About samtunningley

I am a lover of film and music. Typically, my entries will focus on analyzing, critiquing, and rhapsodizing these subject areas.

REVIEW: What We Do in the Shadows

What-We-Do-in-the-Shadows 3 What We Do in the Shadows
Directed by: Jemaine Clement and Taika Waititi
Written by: Jemaine Clement and Taika Waititi
Starring: Jemaine Clement, Taika Waititi, Jonathan Brugh and Cori Gonzalez-Macuer

The staying power of the “mockumentary” never ceases to amaze. Right when the genre seems to have been flogged to death, something new emerges to inject more life. What We Do in the Shadows, the new film from co-directors Jemaine Clement (Flight of the Conchords) and Taika Waitit, is its latest triumph. Lying close to the sweet-natured deadpan films of Christopher Guest, its innumerable successes come from, among other things, a clear love and dedication to the form. The directors, who also star in the movie, shrewdly take on everything from hokey History Channel infotainment to MTV reality shows (The Real World and True Life, especially).
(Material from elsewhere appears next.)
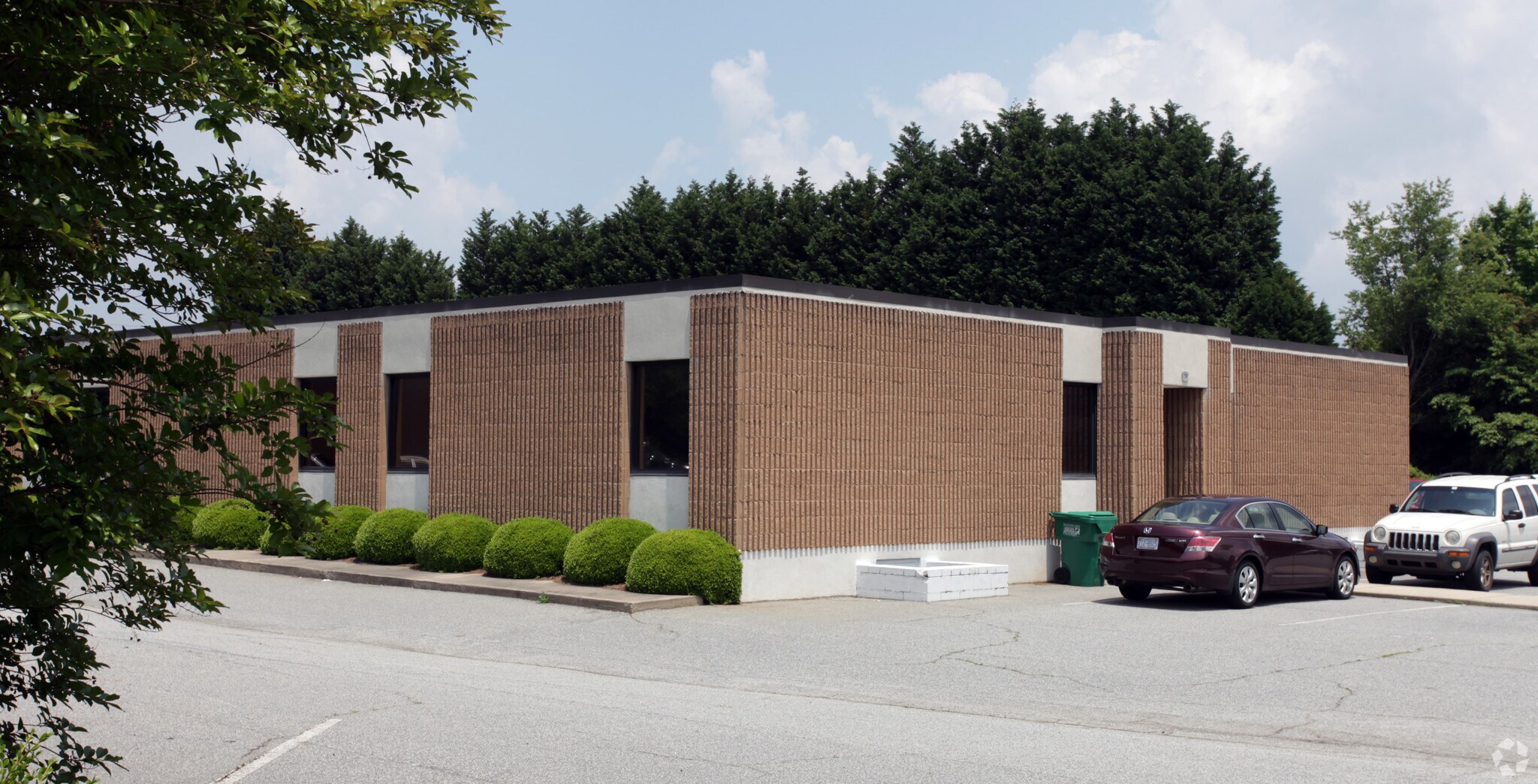 131 W Parris Ave, High Point, NC à louer Photo de l’immeuble– Image 1 sur 6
There is nary a second that isn’t filled with some sort of visual gag, sharp quotable or savvy edit – and almost every decision is a success. Viago (Taika Waitit) is a modest vampire living in a New Zealand estate with his three flatmates Petyr (Ben Fransham), Deacon (Jonathan Brugh) and Vladislav (Jemaine Clement). The four have consented to a documentary crew following them around in the months leading up to the Unholy Masquerade – the big annual event for all things evil.
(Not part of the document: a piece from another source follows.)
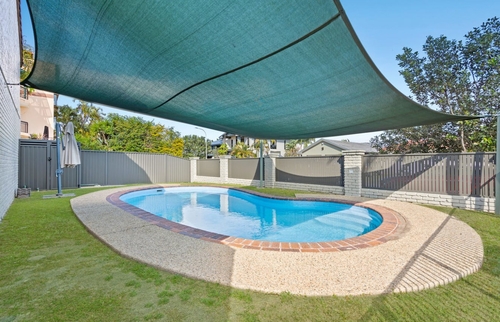 8/9 Eady Avenue, Broadbeach Waters, QLD 4218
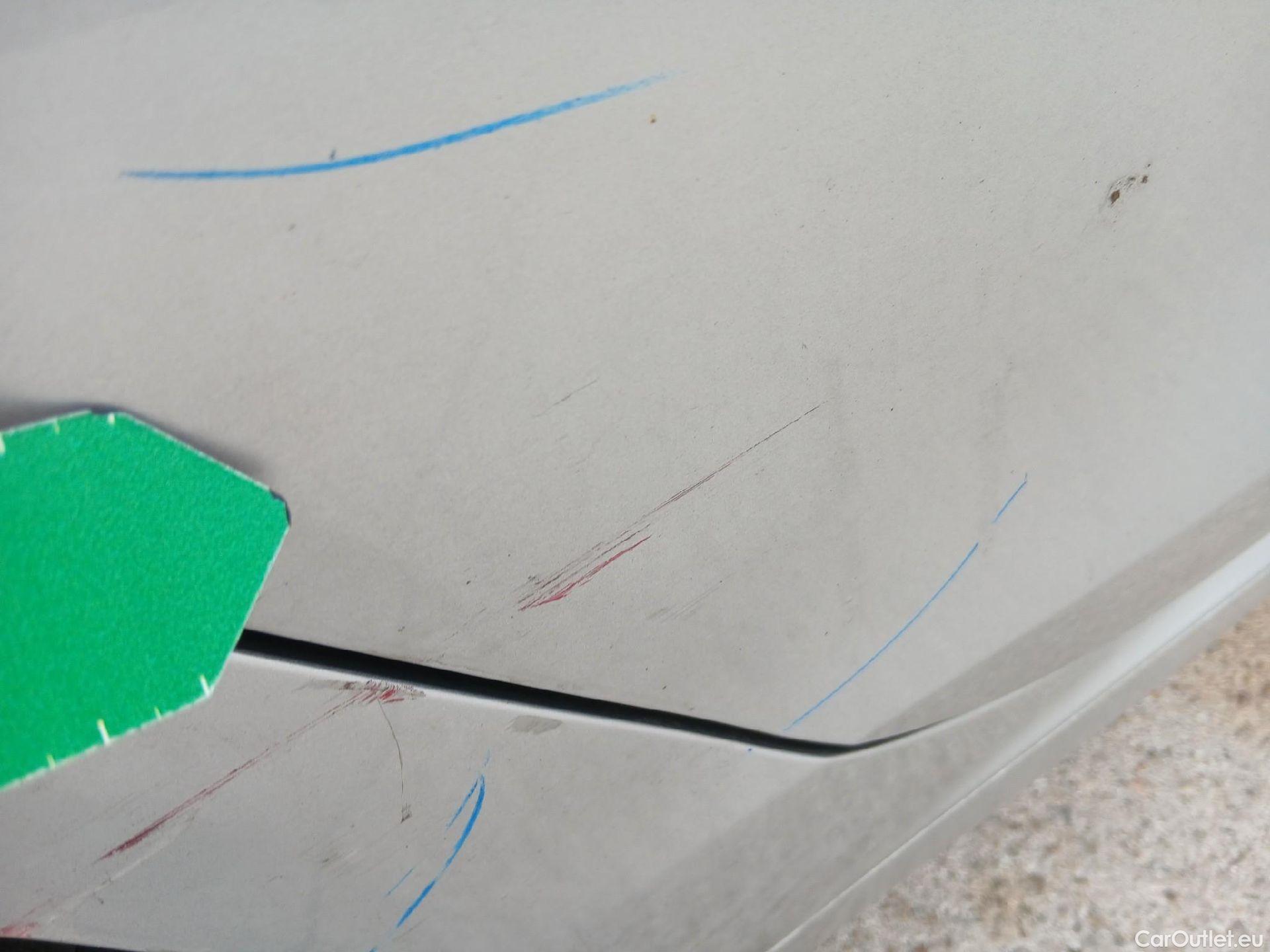  Volkswagen  Golf  VOLKSWAGEN / 2020 / 5P / familiar Life 1.0 eTSI 81kW (110CV) DSG Variant #25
Viago is the kind romantic, yearning for another opportunity with a lost love; Deacon, an ex-Nazi vampire, is the “badboy” of the group; Vladislav is an ages-old pervert who used to torture innocents by, literally, poking them; and Petyr is the 8,000 year-old monster downstairs, kept locked away and out of sight (and resembling a certain Murnau creation). When not drinking the blood of humans (Viago notes, the unfortunate part of being a vampire), the guys are content on leading a relatively low-key existence. Immortality, they concede, certainly doesn’t mean one is excused from doing the dishes and sweeping the hallway. What We Do in the Shadows Waitit and Clement constantly play on the vampire mythos clashing against (or, rather, adapting to) modern-day banalities. In a scene near the beginning, the guys roughly sketch each other on sheets of paper to deal with the serious problem of having no reflections while getting ready to go out. Once out on the town, they must be invited in to the clubs, which results in begging the bouncers for entry. The hurdles in getting a victim back to their place seem endless, and when they actually do manage a mild success, it’s often fumbled through their clumsiness and rusty tactics.
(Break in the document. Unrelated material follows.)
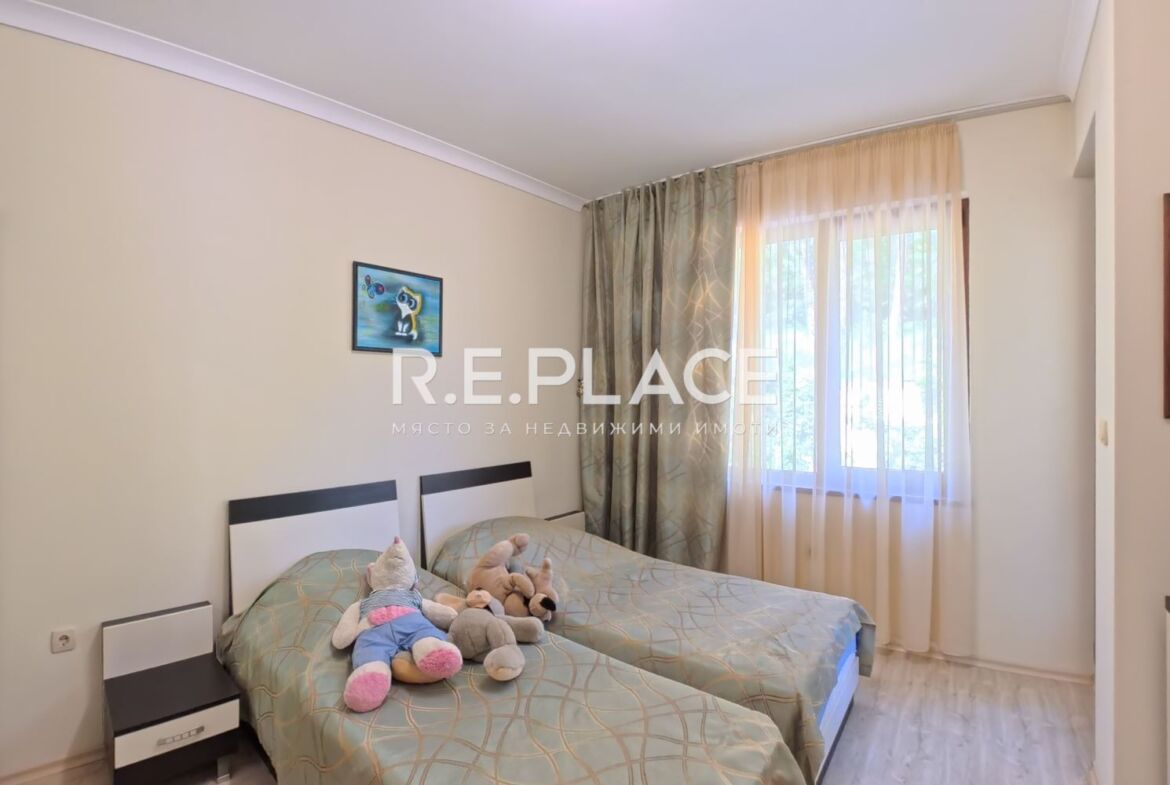 Тристаен апартамент 119 кв.м за продажба в затворен комплекс, Св. Св. Константин и Елена, Варна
Deacon, fortunately, has a servant named Jackie (Jackie Van Beek) that, in addition to doing upkeep work, assists them with collecting victims, in the hopes of being turned into a vampire herself. When she brings two “virgins” back to their house, the plan backfires, and one of them, Nick (Cori Gonzalez-Macuer), is turned into a bloodsucker and new member of the family. From that point on, the happy house shifts into a power struggle between the old vampires and the new – the dynamic compromised by Nick bringing in a human friend, Stu (Stuart Rutherford), and bragging about his new vampire abilities at the bar (“I’m the guy from ‘Twilight’”).

Nick resembles that disingenuous housemate all-too-familiar on reality shows; the one who gets his rocks off from heavy drama, consistently (and, sometimes, unintentionally) stirring up trouble. And this certainly isn’t the only way the film resembles reality television – it includes a re-enactment, an intervention, a montage of trying on clothes and talking-head confessionals. Divulging some of the best gags would be doing a major disservice to the film, which is best served cold, but the highlights are numerous – and many indulge a keen familiarity with the most pervasive documentary tropes.

The movie is brisk, and almost exhaustingly clever. If not all the jokes land (and a few don’t), it has more than enough to cover for the occasional lag into uninspired territory. Its charm is rooted in a script that pays loving tribute to vampire lore and cringe comedy (In an interview with The Dissolve, Clement and Wahiti cite This Is Spinal Tap as a major inspiration), and a cast of uncommonly likeable characters. Those familiar with Clement’s television show Flight of the Conchords will already be accustomed to the actor/director’s brand of Kiwi-comedy, mastered by this point, drawing laughs most often from naivety and awkward situations. What We Do In The Shadows is more of the same, but done so well it feels brand new again.

Grade: B

REVIEW: The Immigrant

The Immigrant 3

The Immigrant
Directed by: James Gray
Written by: James Gray & Ric Menello
Starring: Marion Coitillard, Joaquin Phoenix and Jeremy Renner

The American Dream, that simulacrum of perfection and success, has been scrupulously examined in a number of films released in the past year.  From the party-girl criminals of Harmony Korine’s Spring Breakers to the celebrity-minded teenagers in Sofia Coppola’s The Bling Ring to Michael Bay’s abhorrent bodybuilders in Pain & Gain, filmmakers, mostly established auteurs, are examining what it means to live in a country essentially founded on an illusory sense of entitlement. Most people living in this country nowadays know (or, at least, should) this isn’t how our (oligarchical, downright cruel) society works, but all anyone can do is try and live a life based on these bygone notions of freedom.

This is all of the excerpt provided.